What is the stuck-at fault model?

The stuck-at fault model assumes that a manufacturing defect causes a net in the circuit to be permanently fixed (stuck) at logic 0 (stuck-at-0, SA0) or logic 1 (stuck-at-1, SA1), regardless of what the circuit's logic drives it to. For a circuit with N nets, there are 2N possible single stuck-at faults. Stuck-at is the most widely used fault model because it's simple to analyze, maps well to real metal opens/shorts, and achieving >99% stuck-at fault coverage (SA coverage) is the industry standard for production test.

What is fault coverage in VLSI testing?

Fault coverage is the percentage of modeled faults that are detected by the test patterns applied to the chip. Formula: Fault Coverage = (Detected Faults / Total Testable Faults) × 100%. Industry targets are typically >99% stuck-at coverage and >95% transition fault coverage. Faults that cannot be tested due to circuit structure are classified as 'untestable' and excluded from the denominator. Higher fault coverage correlates directly with lower DPPM (Defective Parts Per Million) in the field.

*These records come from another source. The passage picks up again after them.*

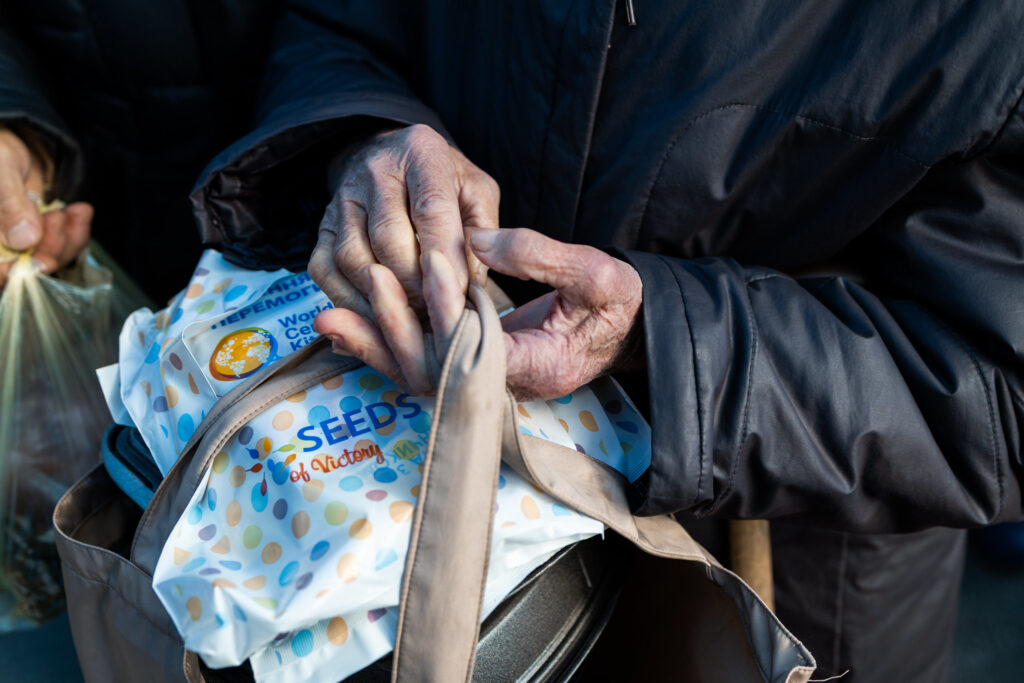 Portrait of an old Ukrainian woman's hands holding shopping bag containing packets of seeds from World Central Kitchen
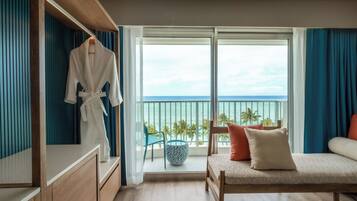 A hotel room with a balcony, a bed, a seating area, and a wardrobe.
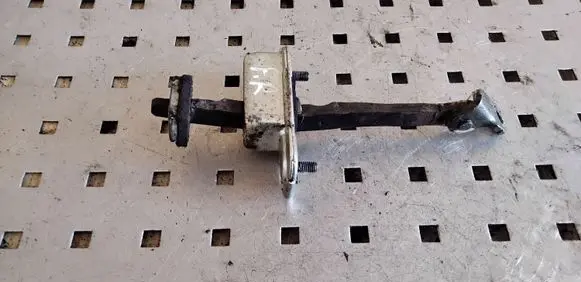 Front door check strap stopper
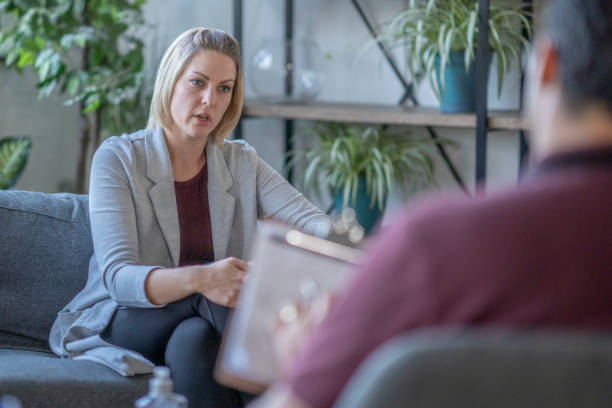 istock Counsellor meeting with a female patient 1288950049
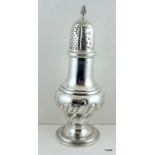 A large solid silver sugar castor 2cm high with flame finial. 210g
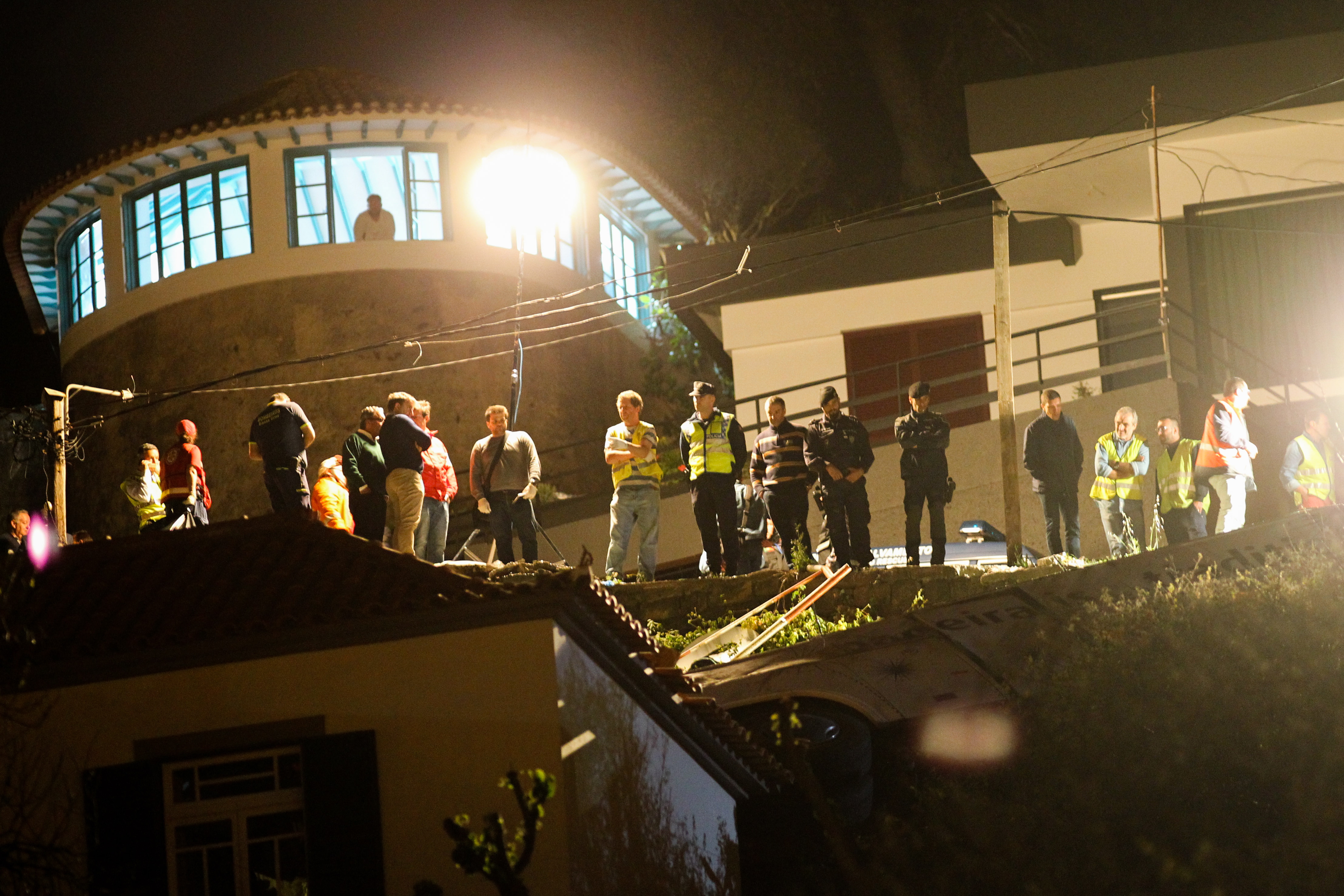 epa07512963 Emergency personnel at the site where an accident involving a tourist bus has caused deaths in Caniço, Santa Cruz, Madeira Island, Portugal, 17 April 2019. According the Civil Protection of Madeira, the accident occurred at 18:30 and 19 emergency medical vehicles are on site. According to media repots at least 28 people were killed in the crash.  EPA/HOMEM GOUVEIA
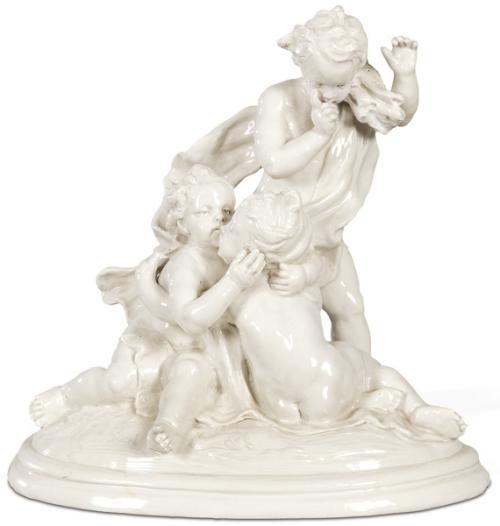 Grupo de figuras en porcelana esmaltada en blanco de Capodimonte firmado en la base L. Badessi. Representando a un putto de pie con gavilla de ramas, y sentados en la base dos putti abrazados.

What are controllability and observability in DFT?

Controllability is the ability to set a specific logic value (0 or 1) on a net in the circuit by applying inputs at the primary inputs. Observability is the ability to propagate the logic value on a net to a primary output where it can be measured. DFT adds structures (scan chains, test points) to improve both: scan chains make every flip-flop directly controllable (shift in a value) and observable (shift out the value), dramatically increasing fault coverage compared to purely combinational test.

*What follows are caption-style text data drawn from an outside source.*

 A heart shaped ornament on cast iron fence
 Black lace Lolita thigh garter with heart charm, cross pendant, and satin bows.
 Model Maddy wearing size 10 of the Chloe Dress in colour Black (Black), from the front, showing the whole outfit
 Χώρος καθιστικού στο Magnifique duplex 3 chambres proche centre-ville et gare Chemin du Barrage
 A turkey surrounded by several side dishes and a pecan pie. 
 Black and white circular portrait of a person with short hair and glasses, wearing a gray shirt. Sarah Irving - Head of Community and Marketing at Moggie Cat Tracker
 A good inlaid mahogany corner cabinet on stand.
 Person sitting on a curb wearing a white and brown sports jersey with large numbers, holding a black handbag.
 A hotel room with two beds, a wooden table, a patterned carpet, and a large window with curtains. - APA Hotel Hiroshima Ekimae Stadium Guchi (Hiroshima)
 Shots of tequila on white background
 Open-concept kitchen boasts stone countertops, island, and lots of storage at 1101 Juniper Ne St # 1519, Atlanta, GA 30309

DFT Day 1 — Introduction: Why Test? Fault Models & Fault Coverage

Q: What is the difference between a defect and a fault in DFT?

A defect is a physical imperfection introduced during manufacturing — for example, a metal via that didn't form correctly, a short between two wires, or an extra particle of conductor bridging two nets. A fault is the logical abstraction of that defect's effect on circuit behavior — for example, a stuck-at-1 fault on a net models the behavior of a wire shorted to VDD. DFT engineers work with fault models (abstractions) rather than individual physical defects because there are billions of potential defect sites and modeling each one precisely is impractical.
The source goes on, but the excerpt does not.